ICD-10 coding with AI Clinical Notes

How AirNote supports ICD-10 coding

Guides

For many US therapists, ICD-10 coding is an essential part of clinical documentation. The right code supports accurate records, communication with other providers and, where applicable, insurance claims and reimbursement.

It can also add another administrative step to an already busy day.

What are ICD-10 codes?

ICD-10-CM codes are standardised codes used in the United States to classify diagnoses and health conditions. They provide a shared clinical language: for example, distinguishing between different anxiety, depressive, trauma-related and adjustment disorders.

The system helps therapists, healthcare providers, insurers and record systems refer to a condition consistently. The CDC describes ICD-10-CM as the standardised system used to code diseases and medical conditions in the United States.  

Why accurate coding matters

An ICD-10 code may influence whether a claim is accepted, how medical necessity is represented and how a client’s diagnosis appears across their clinical record.

Selecting a code therefore requires care. A code should reflect the clinician’s assessment and documented diagnosis—not simply a symptom mentioned during the session.
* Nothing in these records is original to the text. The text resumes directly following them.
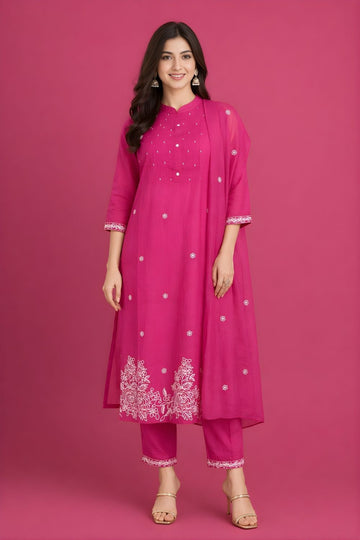 cotton kurti wholesale manufacturer India pink embroidered kurta set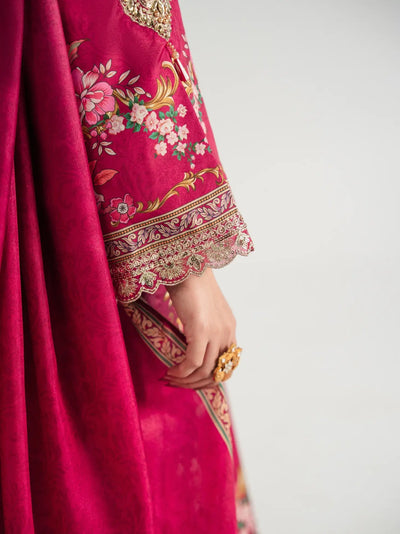 Gulaal | Aira Printed Silk | Garnet Garden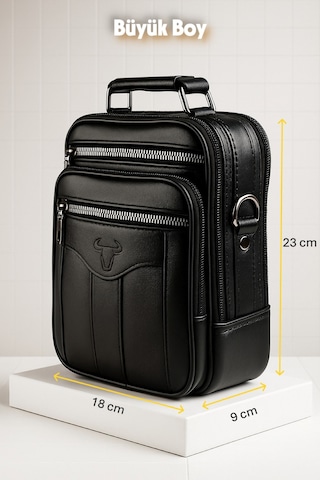 Newish Polo Hakiki Deri Postacı Kasalı El Ve Omuz Çantası-büyük Siyah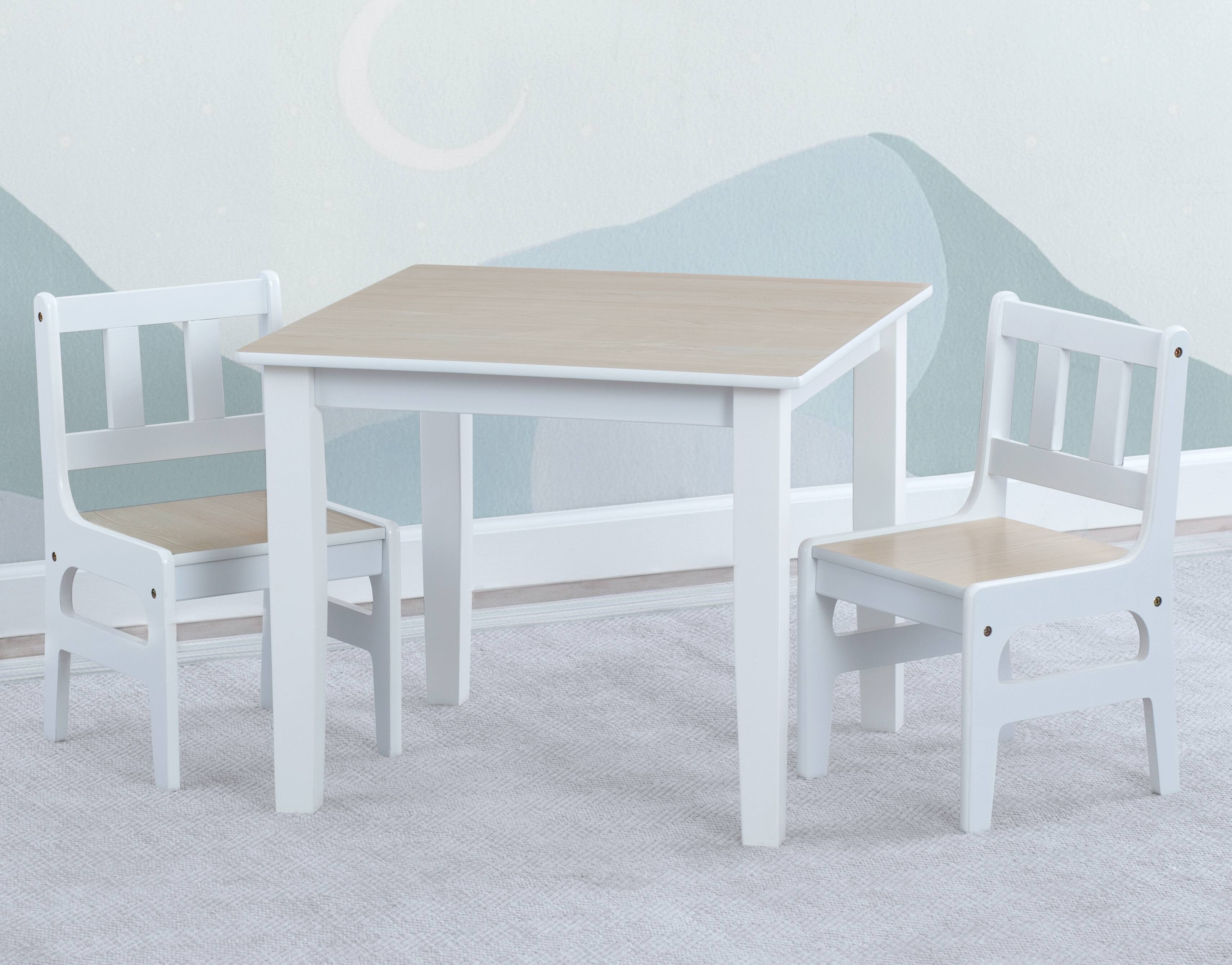 Children's White Table & 2 Chair Set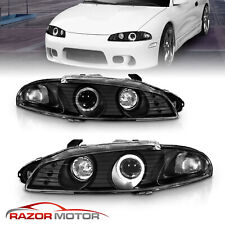 [LED Halo] 1997 1998 1999 Mitsubishi Eclipse Black Projector Headlights Pair picture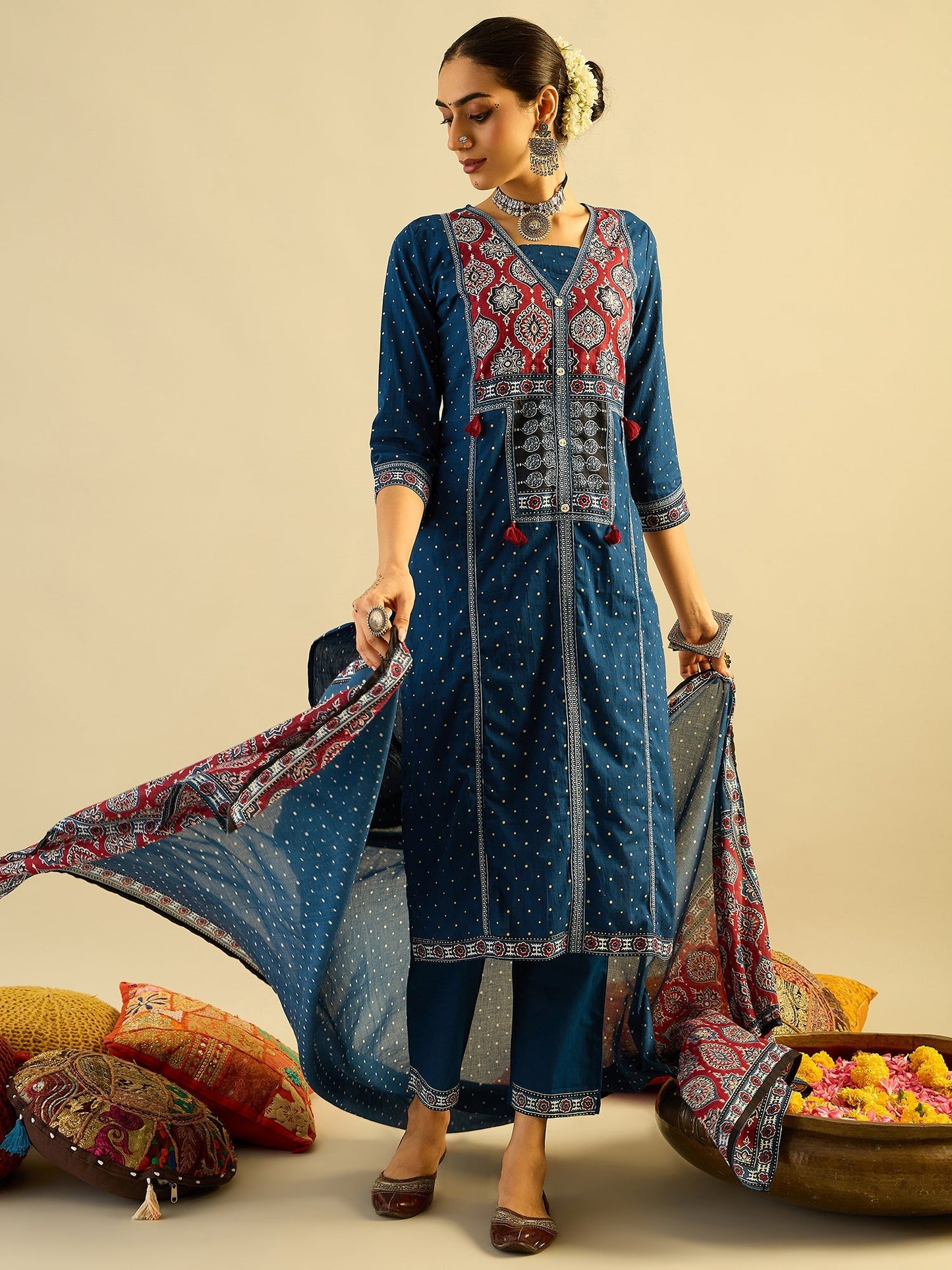 Indo Era Blue Printed Straight Kurta Trousers With Dupatta Set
At the same time, finding and checking the most appropriate code can interrupt the documentation workflow. Similar diagnoses may have closely related codes, while contextual factors can sometimes be represented with additional Z-codes.
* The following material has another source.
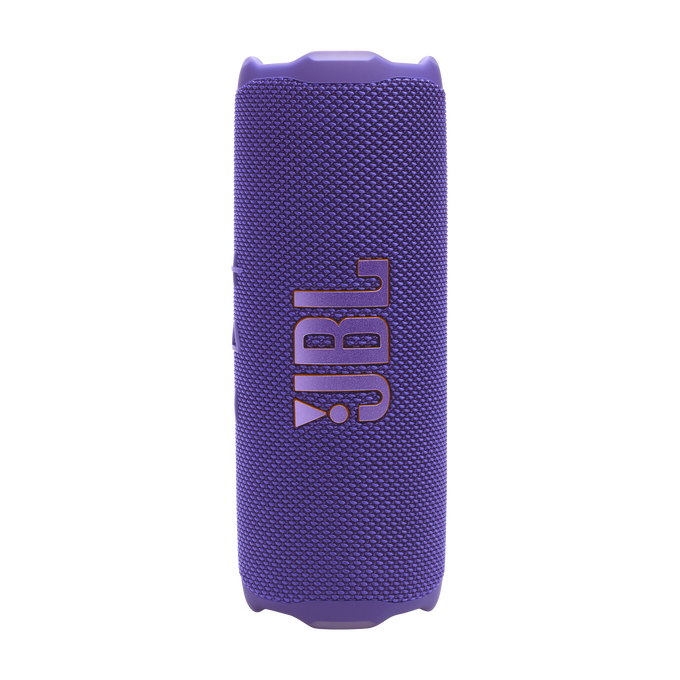 Altavoz morado JBL Flip 7, forma cilíndrica, logotipo JBL en naranja.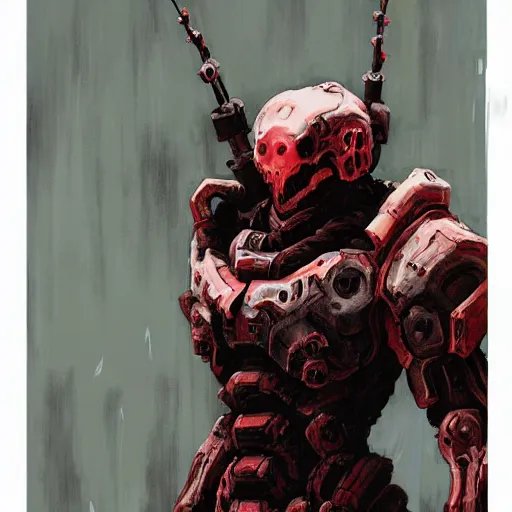 Image similar to doom slayer, painted by tsutomu nihei, painted by stanley lau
Why AI is a good fit for coding support

ICD-10 recommendation is a useful role for AI because it involves reviewing structured clinical material, recognising relevant terminology and comparing that information with an established classification system.

AI can quickly:

  • Surface a likely code for consideration.

  • Check that the code and description correspond.
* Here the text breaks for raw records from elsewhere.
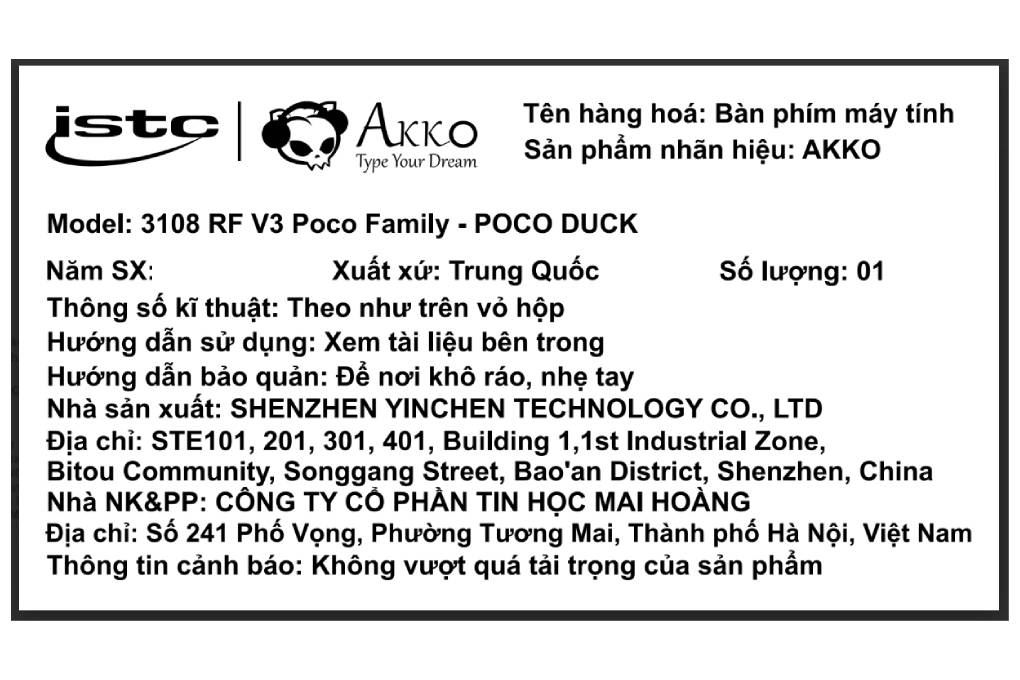 Bàn Phím Cơ Không Dây Akko 3108 RF V3 Poco Family POCO DUCK Frost Pink - 2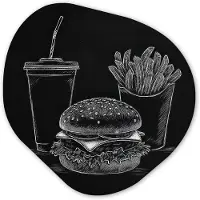 MuchoWow Organische wanddecoratie 60x60 cm - Organisch schilderij Hamburger - Friet - Frisdrank - Krijttekening - Muurdecoratie woonkamer - Kamer decoratie - Schilderijen - Muurcirkel aesthetic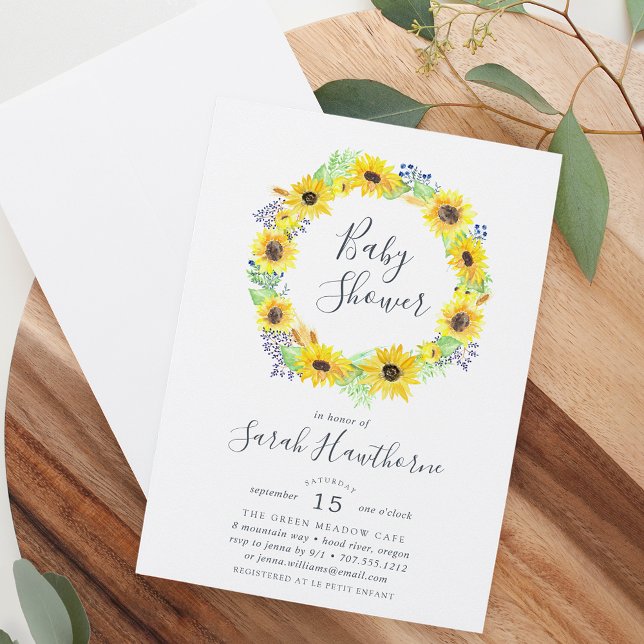 Invitación de Baby Shower de Flowerfields Wreath (Subido por el creador)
  • Explain which documented information informed the suggestion.

  • Reduce the need to search manually through code lists.

  • Apply the same careful process across every note.

The appropriate role of AI, however, is to support coding—not determine a diagnosis.

Clinical meaning is often nuanced. Symptoms alone may not establish a psychiatric disorder, and the therapist may hold information that is not present in a particular session transcript. The final decision must therefore remain with the clinician.

How AirNote supports ICD-10 coding

Therapists can enable ICD-10 Codes in AirNote’s settings. Once enabled, AirNote can include an ICD-10-CM draft recommendation when it generates a Clinical Note.

AirNote uses a curated set of codes relevant to therapy and mental health practice. It reviews the documented session material, checks whether there is an adequate clinical basis for a suggestion and validates the proposed code before displaying it.

Each recommendation is clearly presented as a recommendation for clinician review, together with its supporting rationale. AirNote does not treat symptoms alone as sufficient evidence for a psychiatric diagnosis, and it will not force a recommendation when the available information is too limited or uncertain.

In those circumstances, the safer result is simply: no recommended code suggested.

Less searching, with the therapist still in control

AirNote’s ICD-10 functionality is designed to remove a repetitive part of documentation while preserving clinical accountability.

It does not diagnose the client or submit a billing-ready code automatically. Instead, it gives the therapist a carefully checked starting point within the Clinical Note, making it easier to confirm, revise or reject the suggestion.

The principle is straightforward:

AirNote recommends. The therapist decides.

Used in this way, AI can make ICD-10 coding faster and more consistent—without replacing the professional judgement on which accurate diagnosis and documentation depend.